** ABOUT THIS TASK **
An exact copy of the data is required. No picture may appear in it.

-------- DATA FOR THIS EXERCISE --------

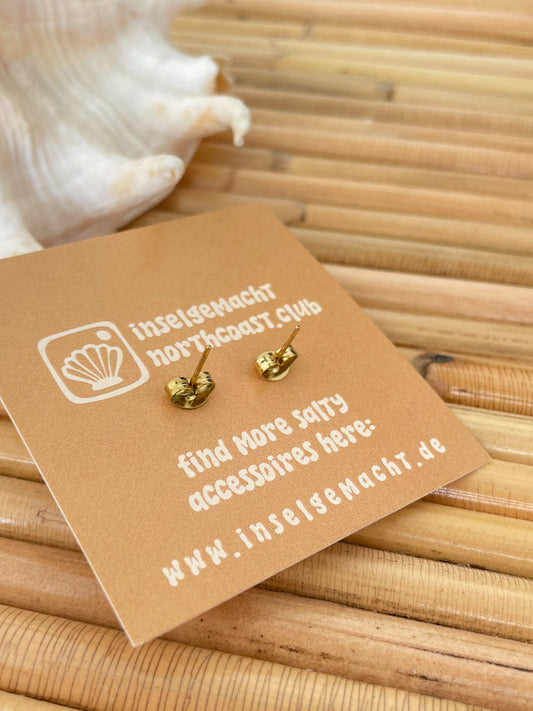 SEA SHELL ~ Ohrringe in Gold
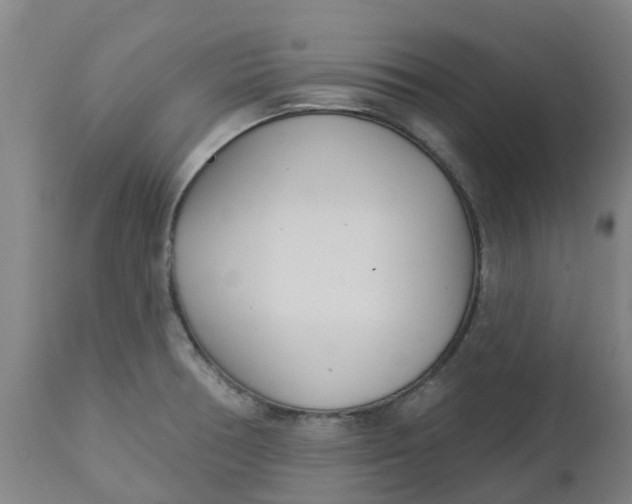 X0000112461378200909071100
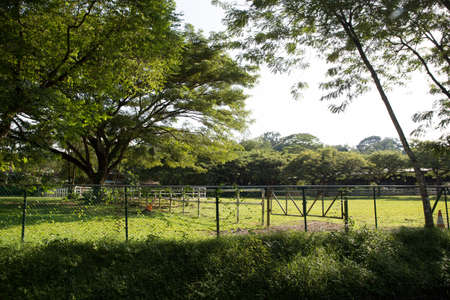 green nature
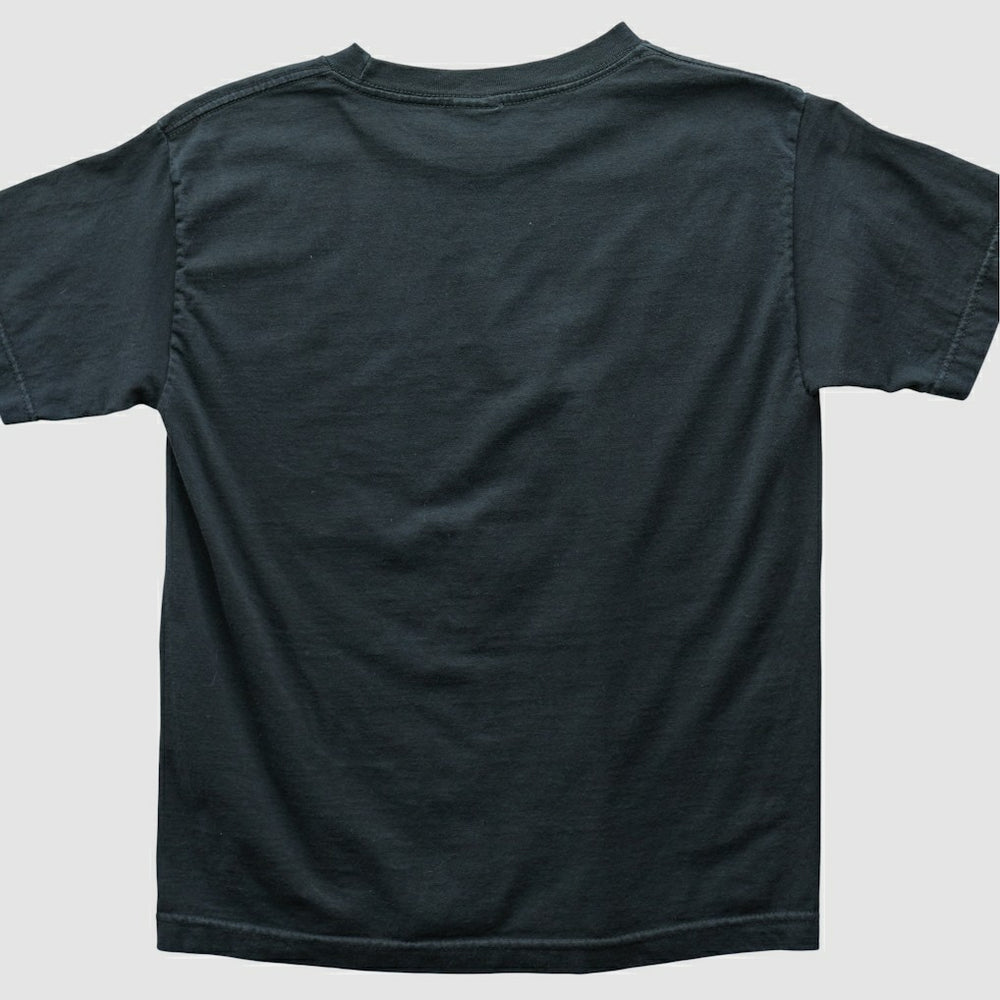 Philadelphia Eagles Alstyle 2004 T-shirt | NFL Hot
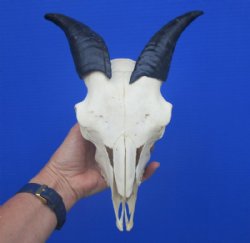 Goat Skull, Goat Skulls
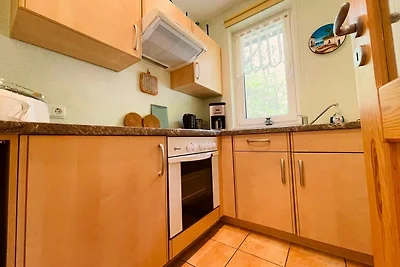 Ferienwohnung Boston Terrier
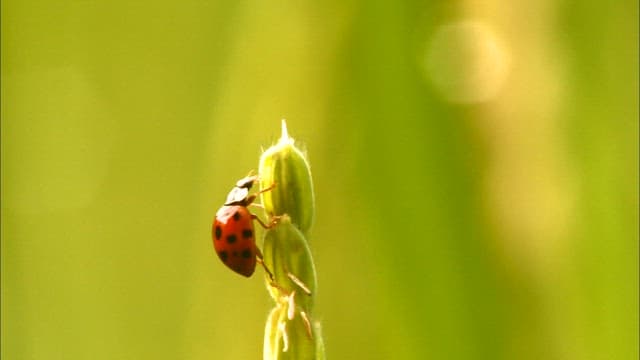 Ladybug on a Green Stem in Daylight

--------

** RESPONSE AREA **
 SEA SHELL ~ Ohrringe in Gold
 X0000112461378200909071100
 green nature
 Philadelphia Eagles Alstyle 2004 T-shirt | NFL Hot
 Goat Skull, Goat Skulls
 Ferienwohnung Boston Terrier
 Ladybug on a Green Stem in Daylight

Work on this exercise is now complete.